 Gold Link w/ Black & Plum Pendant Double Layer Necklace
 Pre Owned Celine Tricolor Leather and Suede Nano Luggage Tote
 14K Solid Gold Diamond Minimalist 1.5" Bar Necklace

...

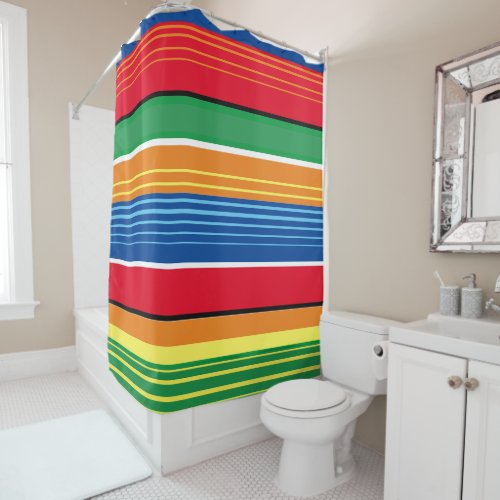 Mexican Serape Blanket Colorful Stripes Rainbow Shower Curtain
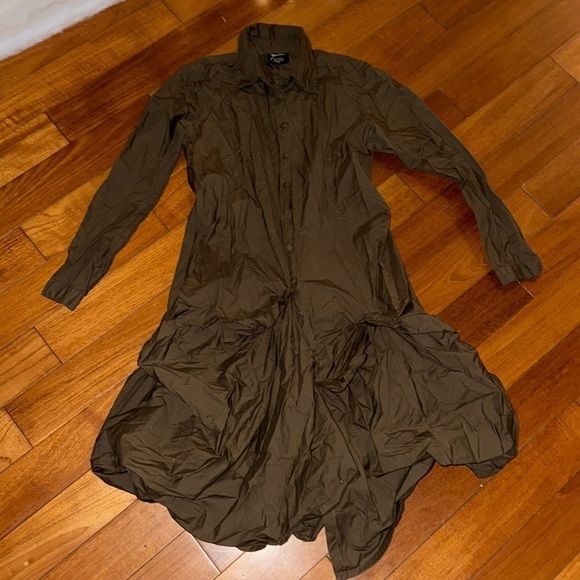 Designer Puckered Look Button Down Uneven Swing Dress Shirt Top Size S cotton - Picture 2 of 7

==

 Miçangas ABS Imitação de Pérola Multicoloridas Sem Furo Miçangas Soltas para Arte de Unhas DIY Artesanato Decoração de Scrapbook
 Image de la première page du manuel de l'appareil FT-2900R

* Exercise objective: The lines above from the one containing "Pre Owned Celine" through the one containing "14K Solid Gold" are to be set down exactly, and no others.

* Response:
 Pre Owned Celine Tricolor Leather and Suede Nano Luggage Tote
 14K Solid Gold Diamond Minimalist 1.5" Bar Necklace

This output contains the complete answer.